(Source records)
• • •

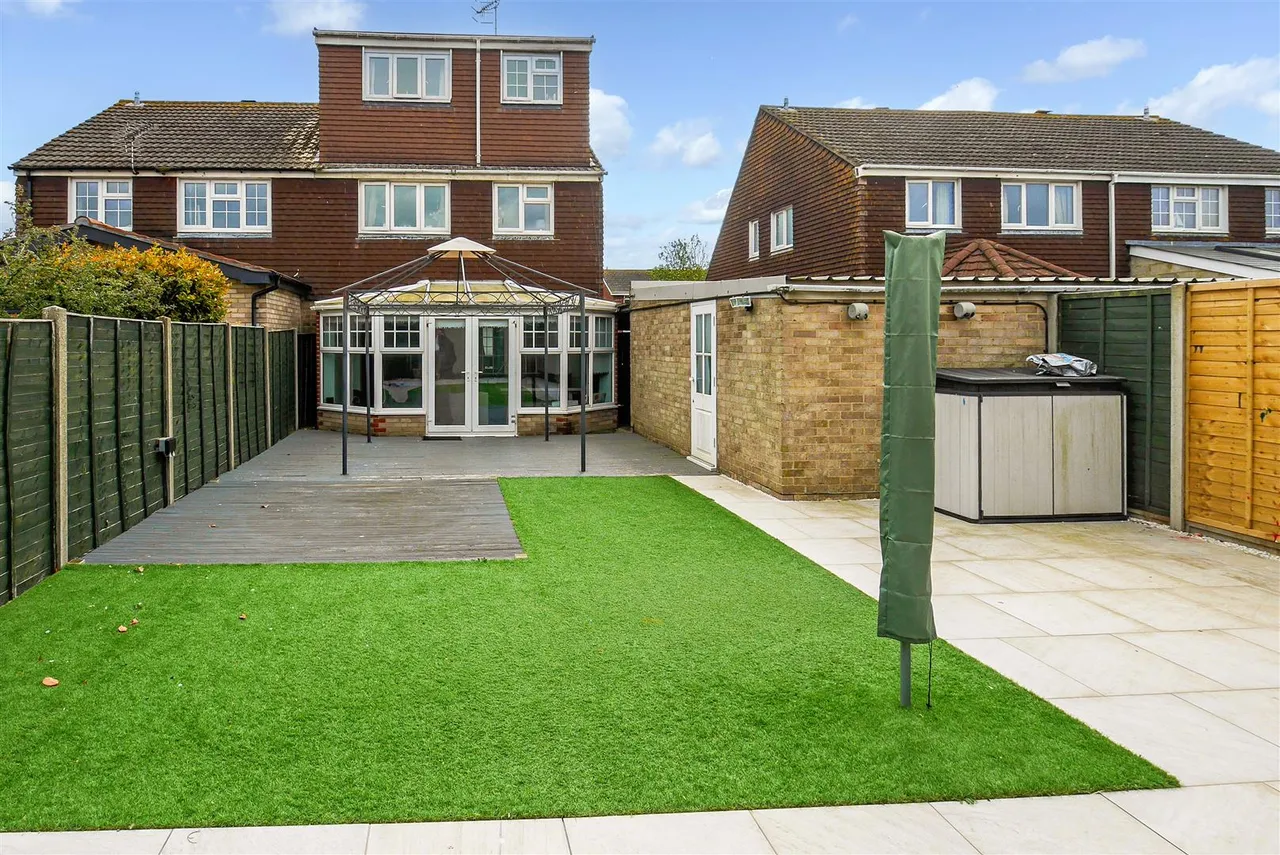 Sternway, Littlehampton, photo 19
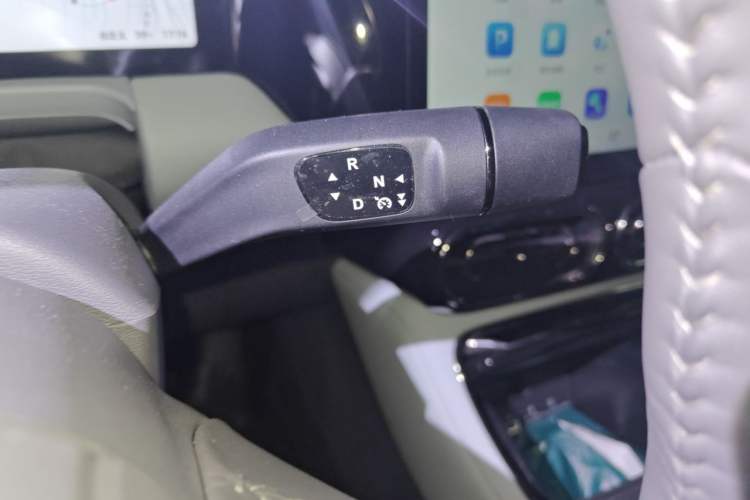 Used Leapmotor C01 2022 Four-Wheel Drive Dual-Motor Performance Version Gear Lever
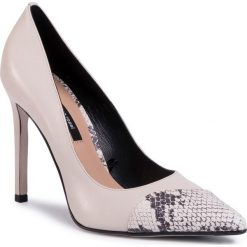 Szpilki GINO ROSSI - DCI964-895-1060-3100-0 Beige. Brązowe półbuty damskie Gino Rossi, bez wzorów, ze skóry, eleganckie, bez obcasa, na obcasie, bez zapięcia. Za 359,00 zł.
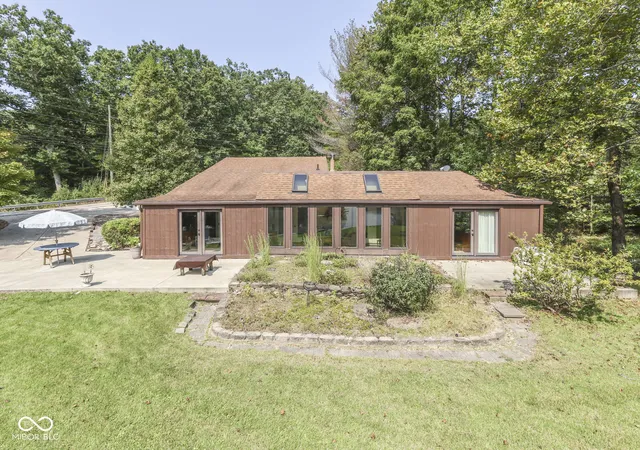 Photo 3 of Sale Pending at 8215 Sweetwater Dr, Nineveh, IN 46164 | MLS# 22127102 | Listing updated on 2026-10-01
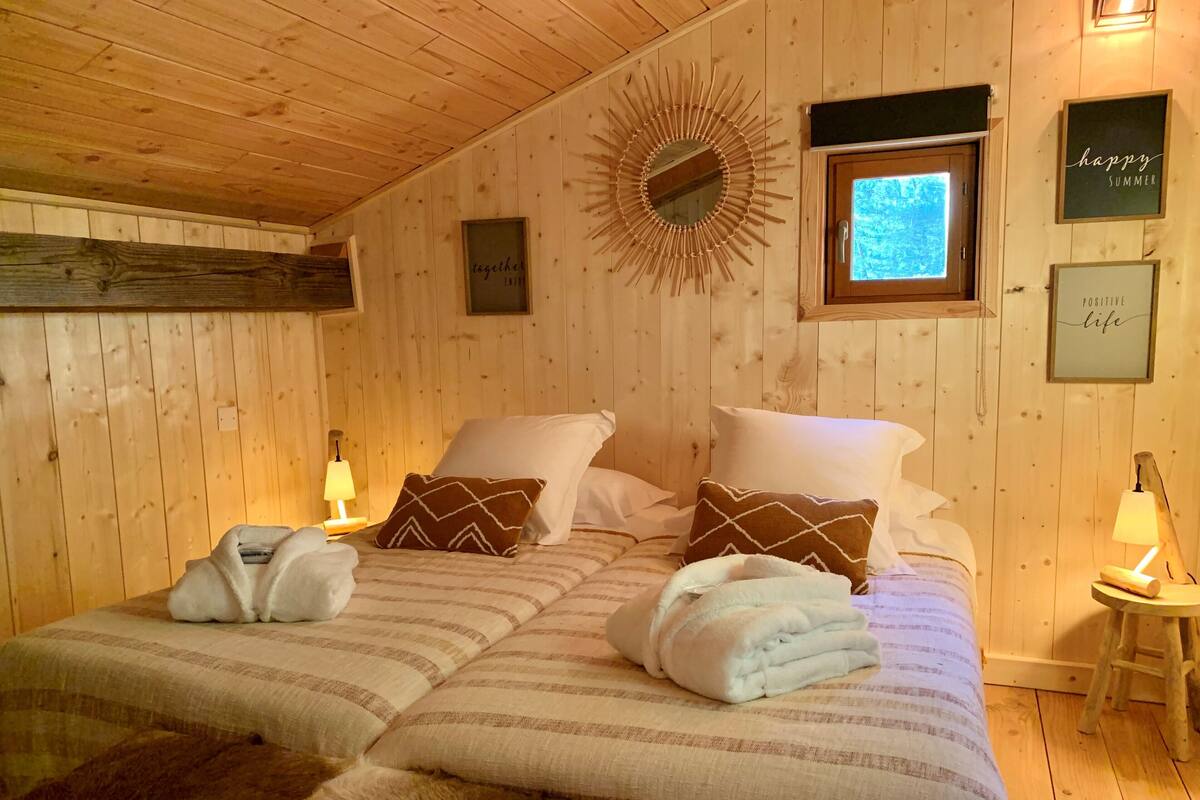 Chalet Premium, 2 habitaciones, no fumadores, vistas al valle | Ropa de cama de alta calidad, minibar, caja fuerte y wifi gratis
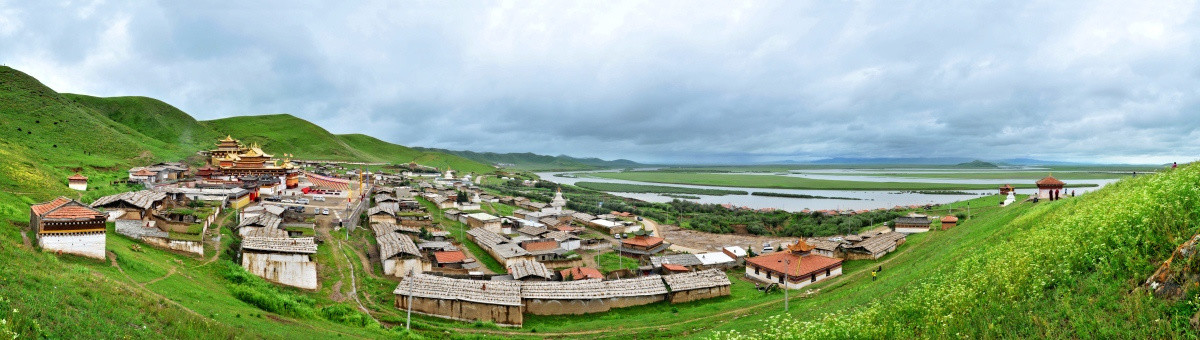 若尔盖唐克索克藏寺全景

• • •

YOUR GOAL – Begin at the line containing "Chalet Premium, 2" and transcribe exactly every line through the end of the records, both ends included, leaving the pictures out.

ANSWER SPACE –
 Chalet Premium, 2 habitaciones, no fumadores, vistas al valle | Ropa de cama de alta calidad, minibar, caja fuerte y wifi gratis
 若尔盖唐克索克藏寺全景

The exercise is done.